Antibiotics can harm your body if they are taken too often, which will also hurt your wallet. According to Acute Sinusitis and Rhinosinusitis in Adults, Americans spend $3 billion a year on medications, doctor visits, tests and procedures to treat their sinus infections.

I have to admit I have been one of those billion people with a sinus infection and I also wanted an antibiotic to fix my sickness as quickly as possible. Earlier this year I had a sinus infection which lasted for over two months. After two weeks of dealing with the annoying symptoms, I went to the doctor. He diagnosed me with a sinus infection and promptly wrote out a prescription for an antibiotic. I took the medication as prescribed, but oddly enough, I didn't get better. In fact, it took another entire month after I had finished the ten day antibiotic before I felt the infection was completely cleared up.

Pediatrician Dr. Craig Armstrong has been practicing medicine for 27 years with 23 of those years being here in Cache Valley. He agrees prescribing an antibiotic for a sinus infection is happening too often. Armstrong also said diagnosing a sinus infection in a child is much harder than in an adult, and most times involves expensive tests.
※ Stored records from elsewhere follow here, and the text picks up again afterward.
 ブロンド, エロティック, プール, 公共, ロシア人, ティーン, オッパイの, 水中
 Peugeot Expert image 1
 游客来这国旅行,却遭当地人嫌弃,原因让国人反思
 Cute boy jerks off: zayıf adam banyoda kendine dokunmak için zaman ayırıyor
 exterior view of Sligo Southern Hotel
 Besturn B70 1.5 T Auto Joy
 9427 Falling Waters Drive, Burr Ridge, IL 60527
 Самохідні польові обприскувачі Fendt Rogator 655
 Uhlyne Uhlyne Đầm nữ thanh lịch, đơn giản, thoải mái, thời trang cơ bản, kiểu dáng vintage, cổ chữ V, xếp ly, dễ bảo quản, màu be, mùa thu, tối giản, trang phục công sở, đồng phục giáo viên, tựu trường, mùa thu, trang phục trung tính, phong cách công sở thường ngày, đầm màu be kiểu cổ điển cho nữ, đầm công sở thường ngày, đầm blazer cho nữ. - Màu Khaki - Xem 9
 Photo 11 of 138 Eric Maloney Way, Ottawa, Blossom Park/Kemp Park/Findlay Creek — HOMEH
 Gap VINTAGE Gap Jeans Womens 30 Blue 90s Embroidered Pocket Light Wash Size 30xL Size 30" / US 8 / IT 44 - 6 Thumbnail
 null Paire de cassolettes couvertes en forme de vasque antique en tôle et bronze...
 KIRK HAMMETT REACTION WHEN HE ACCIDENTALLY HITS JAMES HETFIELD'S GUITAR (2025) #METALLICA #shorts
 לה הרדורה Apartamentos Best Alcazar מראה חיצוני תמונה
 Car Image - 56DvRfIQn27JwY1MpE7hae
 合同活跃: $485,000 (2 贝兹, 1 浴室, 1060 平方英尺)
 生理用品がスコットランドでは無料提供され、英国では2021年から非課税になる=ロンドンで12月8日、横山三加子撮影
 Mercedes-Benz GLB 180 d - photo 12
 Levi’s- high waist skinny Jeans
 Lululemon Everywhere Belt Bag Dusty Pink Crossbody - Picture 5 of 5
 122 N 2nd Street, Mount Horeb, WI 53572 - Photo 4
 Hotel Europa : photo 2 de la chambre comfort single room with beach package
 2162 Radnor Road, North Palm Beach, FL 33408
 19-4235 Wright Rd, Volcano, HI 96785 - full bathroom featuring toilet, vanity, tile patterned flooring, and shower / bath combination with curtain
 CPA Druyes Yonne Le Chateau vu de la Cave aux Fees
A small child can't say where it hurts or exactly how they hurt, so if the children have had symptoms such as a runny nose and have been miserable and fussy for a couple of weeks, doctors assume it's a sinus infection.

"Moms come in and expect an antibiotic and we give it," Armstrong said. "They seem to think it works."

Most Americans seem to have this same mind set that if they are on some type of medication they must be feeling better, even if the medication really isn't doing anything.

The world today seems to be all about how fast we can accomplish our to-do lists. High speed internet, drive through restaurants, overnight shipping, high powered transportation, and immediate communication due to cell phones. With all of these ways to get things done faster than ever, we seem to have less time than before. We as American's are running 100 mph and getting a sinus infection doesn't fit into our schedules. Instead of slowing down when we get sick and letting the amazing human body work to heal itself, we run to the doctor and get an antibiotic to quickly fix it.

"Each person is an individual case," Armstrong said. "Diagnosing each illness is the art of medicine, not the science."

Antibiotics are not the best way to "fix" a sinus infection. They are expensive and if used to often can have repercussions later in life. Listen to your doctor and the advice they give. Doctors do know what they are talking about. Don't get caught up in abusing antibiotics by just assuming they will quickly make you feel better.